Data Sources: Sensors, social media, transactional databases, logs, IoT devices.
Data Ingestion: Tools like Apache Kafka, Flume, Sqoop, and NiFi for collecting and transferring data.
Storage Layer:
- Distributed storage using Hadoop Distributed File System (HDFS) or cloud-based storage.
- NoSQL databases such as HBase, Cassandra, and MongoDB.
Processing Layer:
- Batch Processing: Hadoop MapReduce, Apache Spark.
- Stream Processing: Apache Storm, Apache Flink, Spark Streaming.
Analysis & Querying: Hive, Pig, Presto, Drill for querying large datasets.
Visualization & Reporting: Tableau, Power BI, Kibana for data visualization.
Security & Governance: Data encryption, access control, auditing mechanisms.

4. Introduction to MapReduce and Hadoop

MapReduce

MapReduce is a programming model for processing large datasets in parallel across distributed clusters. It has two main phases:

Map Phase: Input data is split into key-value pairs and processed in parallel.
Reduce Phase: The output from the Map phase is aggregated, filtered, and transformed.

Example:

Input: List of words
Map: Convert words into key-value pairs (word, count)
Reduce: Aggregate word counts

Hadoop Framework

Hadoop is an open-source framework designed for distributed storage and processing of large datasets using MapReduce.

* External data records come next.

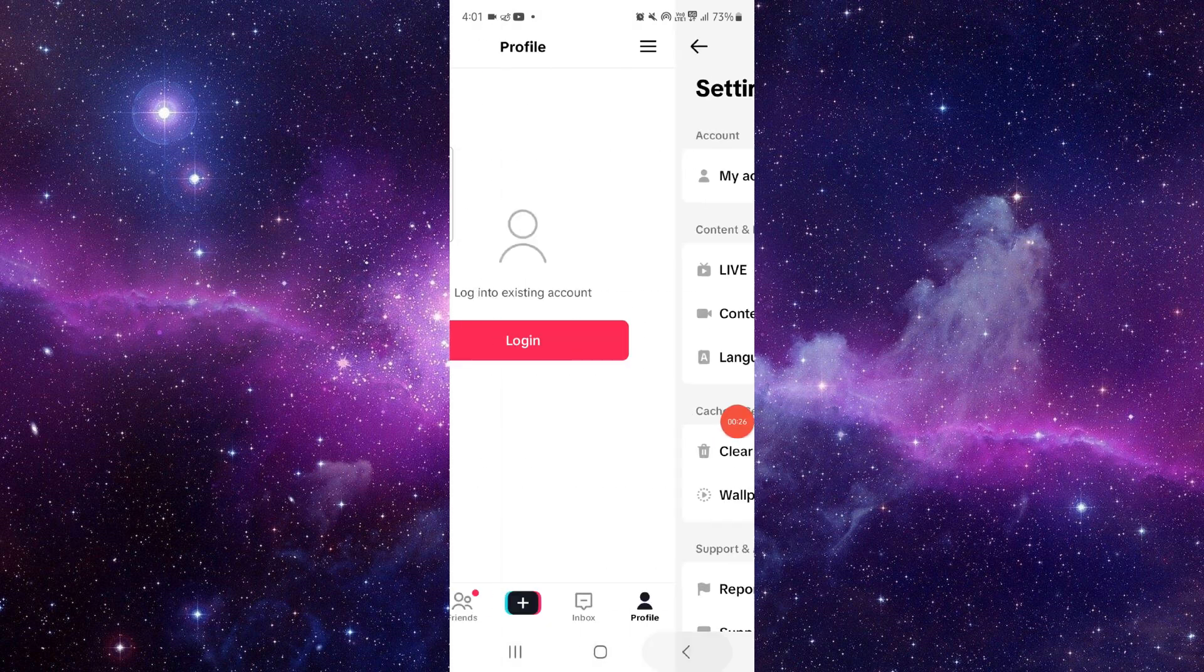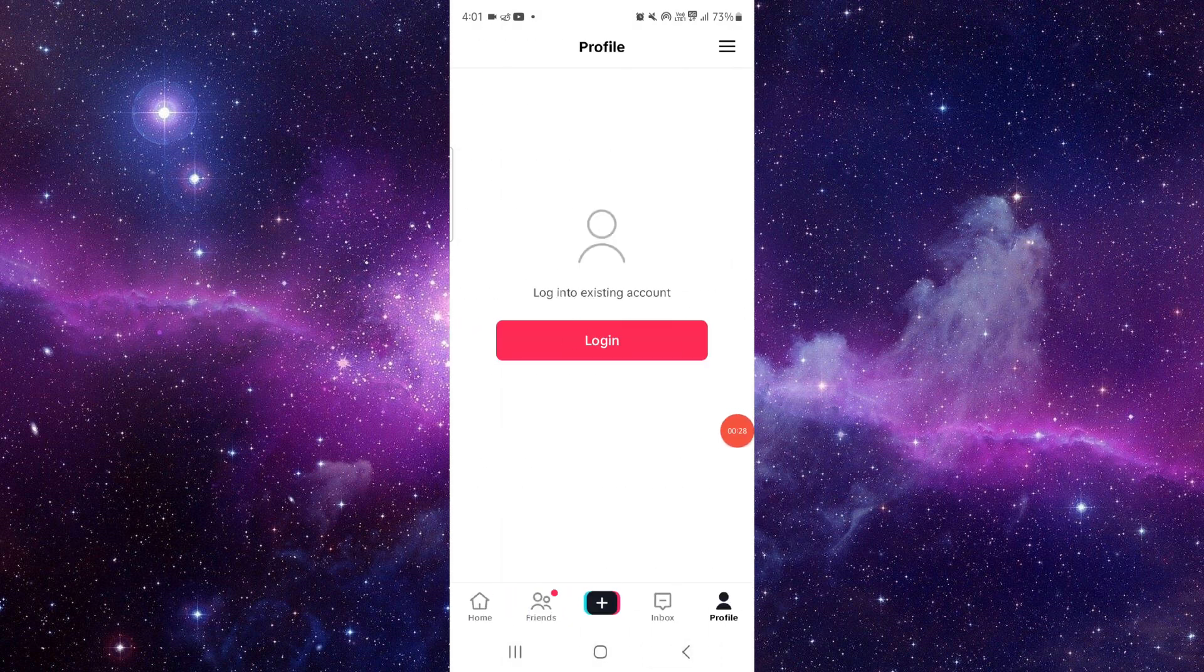The second option is to check if your account has been banned or not. If banned, then you have to make a new account. So this is how to fix a TikTok app cannot follow people issue.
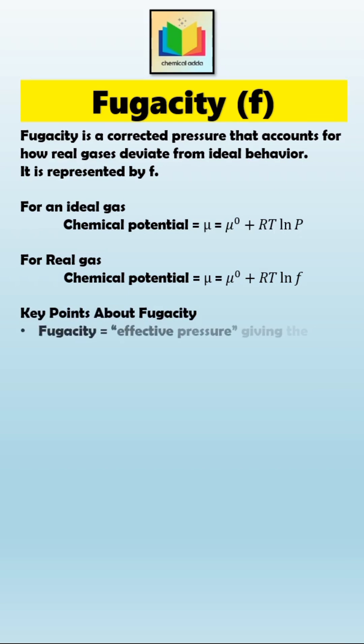Hence, fugacity is an effective pressure that gives the same chemical potential as the real gas actually has.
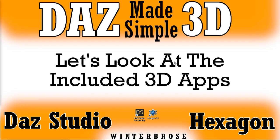That concludes this presentation. We hope you're able to get your DAZ Studio and your Hexagon up and running great with the content available from your DAZ Studio account. Have a great day!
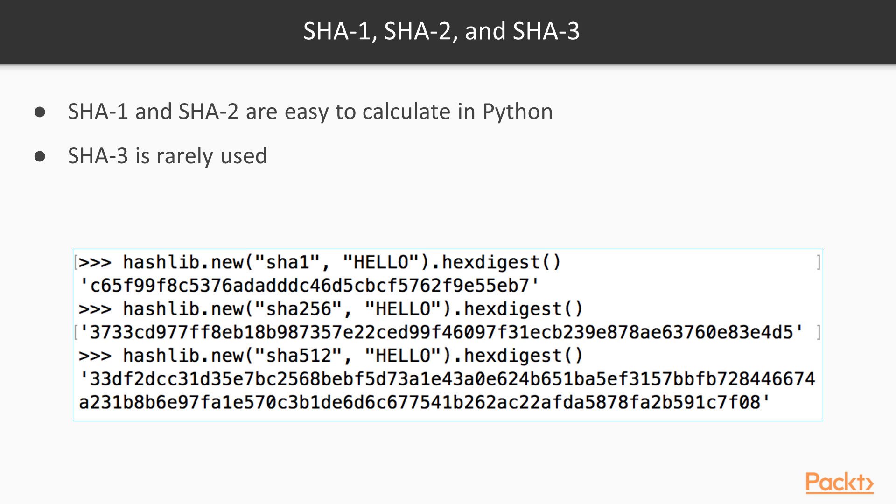And the next ones are SHA-256 and SHA-512, which are both SHA-2 hashes. And you can see that although they're more secure, they are much longer and somewhat less convenient.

The core components of Hadoop are:

Hadoop Distributed File System (HDFS) - A scalable, fault-tolerant storage system.
YARN (Yet Another Resource Negotiator) - Manages cluster resources and job scheduling.
MapReduce Engine - Executes data processing tasks in parallel.
Common Utilities - Provide libraries and utilities for Hadoop.

5. Distributed File System & HDFS

Distributed File System

A Distributed File System (DFS) stores data across multiple machines, ensuring fault tolerance and scalability. Examples include Google File System (GFS) and Hadoop Distributed File System (HDFS).

Hadoop Distributed File System (HDFS)

HDFS is a highly fault-tolerant distributed storage system optimized for handling large files. Its key features include:

Master-Slave Architecture:
- NameNode: Maintains metadata and directory structure.
- DataNodes: Store and manage actual data blocks.
Block-Based Storage: Data is split into blocks (default: 128MB or 256MB) and distributed across DataNodes.
Replication: Each block is replicated (default: 3 copies) to ensure fault tolerance.
Write Once, Read Many (WORM) Model: Optimized for batch processing rather than frequent modifications.
Fault Tolerance: If a DataNode fails, data is replicated to another node to maintain integrity.

HDFS Operations

File Read Process:
1. Client requests file from NameNode.
2. NameNode provides block locations.
3. Client retrieves data from DataNodes.
File Write Process:
1. Client sends data to NameNode.
2. Data is split into blocks and replicated.
3. DataNodes store the blocks and acknowledge NameNode.